Quand il apprend la mort de sa femme, battue à mort, et le viol de sa fille, traumatisée à vie, l’architecte Paul Kersey contient sa douleur, sa colère. S’il se réfugie d’abord dans le travail, le révolver que lui offre un client texan décide de son destin. Armé, de plus en plus sûr de ses gestes, Kersey erre la nuit dans les quartiers les plus malfamés de New York, abattant tous ceux qui constituent une menace pour lui et pour la société…

Le film

[4/5]

Film fondateur du « vigilante movie », Un justicier dans la ville est, on ne vous apprendra rien, un film prônant l’auto-défense. Par conséquent, le film véhicule évidemment une poignée de prises de position idéologiquement douteuses, voire même ouvertement réactionnaires, qui lui ont parfois valu d’être méprisé par certains cinéphiles très premier degré. Sur critique-film en revanche, on considère que le public est capable de prendre le genre avec suffisamment de recul pour faire la part des choses, de séparer la notion d’expérience cinématographique des idées qui, peut-être, se cachent derrière le pseudo-discours du film.

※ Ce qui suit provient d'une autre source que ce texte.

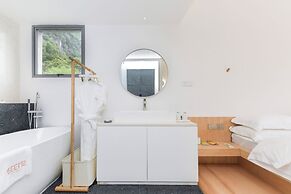 Yangshuo Geemu Building House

Déjà en 1973 dans Le cercle noir, Michael Winner faisait preuve d’une certaine animosité vis-à-vis des beatniks et de la génération « Peace and Love » du début des années 70. Avec Un justicier dans la ville, il enterre définitivement les idéaux pacifiques de cette génération d’illuminés opposés aux armes et à la guerre, en détournant du « droit chemin » Paul Kersey, un personnage calme et pacifiste, objecteur de conscience et à priori allergique à toute idée de violence. Michael Winner est d’ailleurs particulièrement insistant dans sa description du couple Kersey, développant autour d’eux une image de couple aimant et heureux : comme le montrent bien les premières séquences du film, les années n’ont su entamer leur amour, et ils coulent un parfait bonheur ; ils sont de plus les parents d’une fille formidable, tout est sucre et guimauve. Sauf que… Un groupe de voyous, particulièrement nihilistes et n’ayant de respect pour rien (« I kill rich cunts ! »), débarque pour braquer la femme et la fille de Kersey ; vu qu’elles n’ont pas d’argent, cela sera le déchainement de violence, les deux femmes sont violées et laissées pour mortes dans leur appartement. La mère décède, la jeune fille survit, plongée dans un état catatonique. La crudité et la violence de la scène d’agression s’oppose clairement aux premières scènes du film, qui installaient le spectateur dans un cocon familial serein et heureux. Et le monde de Kersey de basculer complètement, emmenant le spectateur avec lui. A l’hôpital, où il attend des nouvelles, c’est le début de la fêlure qui va progressivement se créer en lui : « There’s a man over there, he’s bleeding and nobody comes » (il y a un homme plein de sang, et personne ne fait rien) déclare-t-il d’un ton monocorde, comme s’il se parlait à lui-même.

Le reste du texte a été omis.